Glass Clarity: Clear glass allows drinkers to examine a wine’s “legs” (the French refer to it as “tears”) that trace their way down the glass, an alleged indicator of the wine’s quality. Theoretically the more legs, the better the wine. It also helps the drinker best to see the color of the wine, which imparts information on the wine, such as its age.

Size: The “breathing space” and swirling room (swirling moistens a larger surface area, increasing the evaporation, and thus the intensity of the aroma) is dictated by the personality of the wine. Reds require larger glasses and most whites (other than the most complex, which also warrant larger glasses) call for medium-sized ones.

 

 

1   Manufacturer

2   Style/Pattern

3   Price

4   Uses

5   Sommelier’s Comments

6   Availability

 

 

Spiegelau Line: Vino Grande

Burgundy glass

$49.95 (set of 6)

Red wine (Pinot Noir/Burgundy)

“This is a good, all-around useful glass.”

Wine Enthusiast in Elmsford

 

   

Riedel Line: Vinum

Stemware

$20

White wine

“The glass is properly shaped to bring the bouquet and taste of many white wines to the casual enthusiast. This is a good generic choice for white wine.”

Neiman Marcus, The Westchester, in White Plains; Wine Enthusiast in Elmsford; Zachys Wine & Liquor in Scarsdale

 

Riedel Line: “O”

Stemless

$25 (set of two)

Red wine

“It’s not for the traditionalist.
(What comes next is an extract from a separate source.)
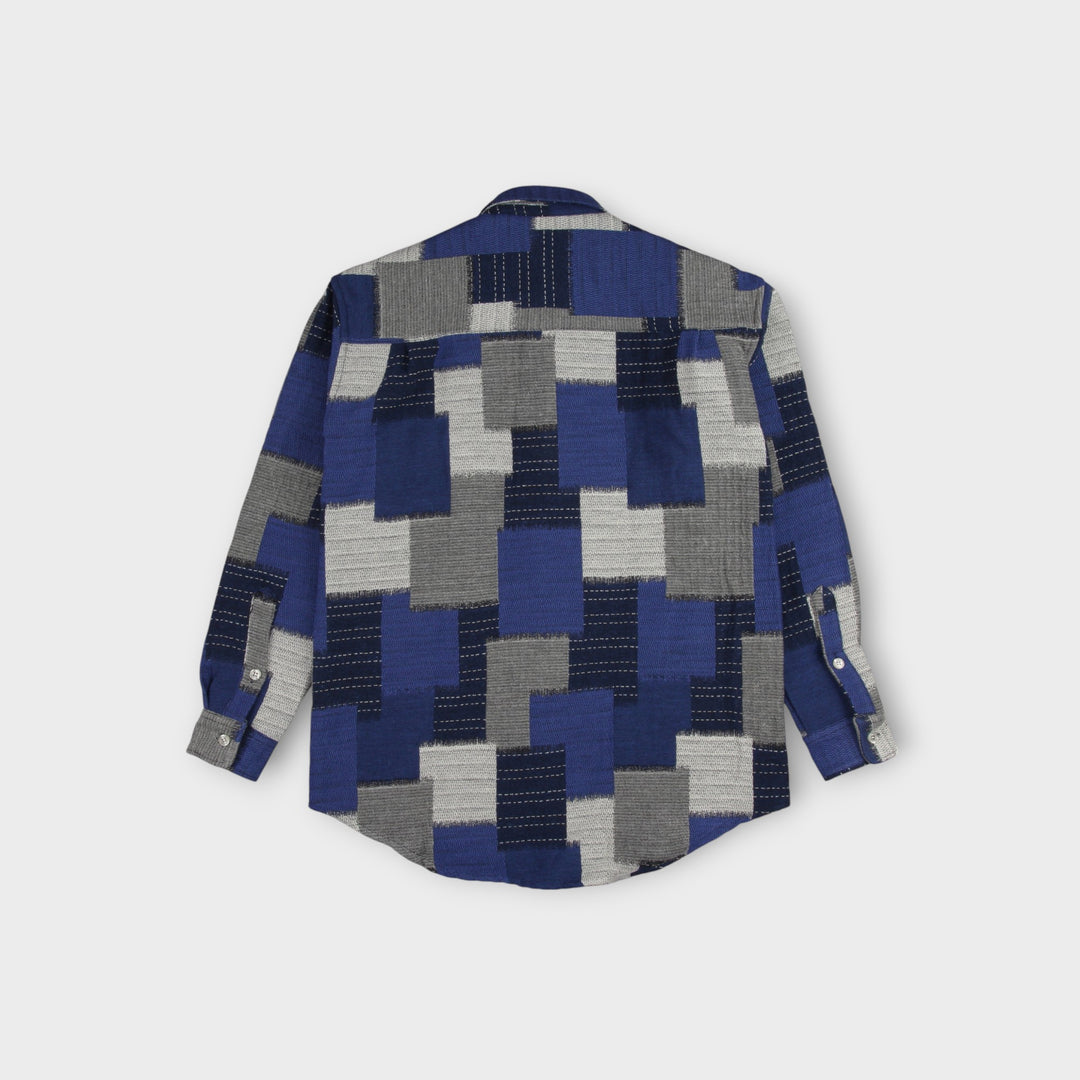 Le Fix Patchwork Box Shirt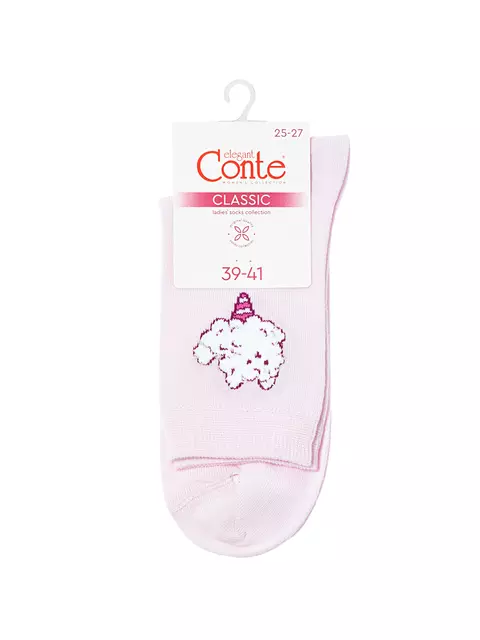Носки женские conte classic 680 светло-розовый, 24С-151СП, 36-38 (23-25), CONTE ELEGANT,  - 4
Something seems to be missing.”

Neiman Marcus, The Westchester, in White Plains; Wine Enthusiast in Elmsford

 

   

Neiman Marcus’s Own

Contemporary

$18

Red wine

“This is fine for a casual glass of wine with dinner but not for savoring a fine wine.”

Sold exclusively at Neiman Marcus, The Westchester, in White Plains

 

 

 

Crate & Barrel’s Own

Claudette Goblet

$12.95

White wine

“While this is quite charming, I wish there was greater depth to the bowl for the aroma to swirl its way up to the nose.”

Crate & Barrel, The Westchester, in White Plains

 

 

   

Baccarat Crystal

“Onde” Goblet #2

$80

White wine

“It would be difficult to swirl the wine in this shape.”

Neiman Marcus, The Westchester, in White Plains; Michael C. Fina in New York City

 

 

Varga Crystal

Avignon, Raspberry Hock

$280

Red or white wine

“Though beautiful, this glass diverts the emphasis from the wine experience.”

Neiman Marcus, The Westchester, in White Plains

 

 

   

Riedel Line: Sommelier

Syrah/Shiraz

$68.95

Rhone wines

“This hand-made glass is top of the line for its purpose.”

Wine Enthusiast in Elmsford

 

 

William Yeoward crystal

“Fern”

$240

Red Wine

“This goblet is beautiful for display or for using on very special occasions when the nuances of the wine are not as important as the elegance of the table.”

Neiman Marcus, The Westchester, in White Plains; www.williamyeoward.com

 

 

   

Juliska

Isabella, large goblet, green tint

$52

White Wine

“Decorative and plausible for casual dinner wine, but not for a serious wine experience.”

Neiman Marcus, The Westchester, in White Plains; Michael C. Fina in New York City; www.juliska.com

 

 

Crate & Barrel’s Own

Vineyard Cabernet

$10.95

Red wine 

“Don’t let the price fool you. This Vineyard Cabernet glass is a good example of an effective, simple, full bowl.”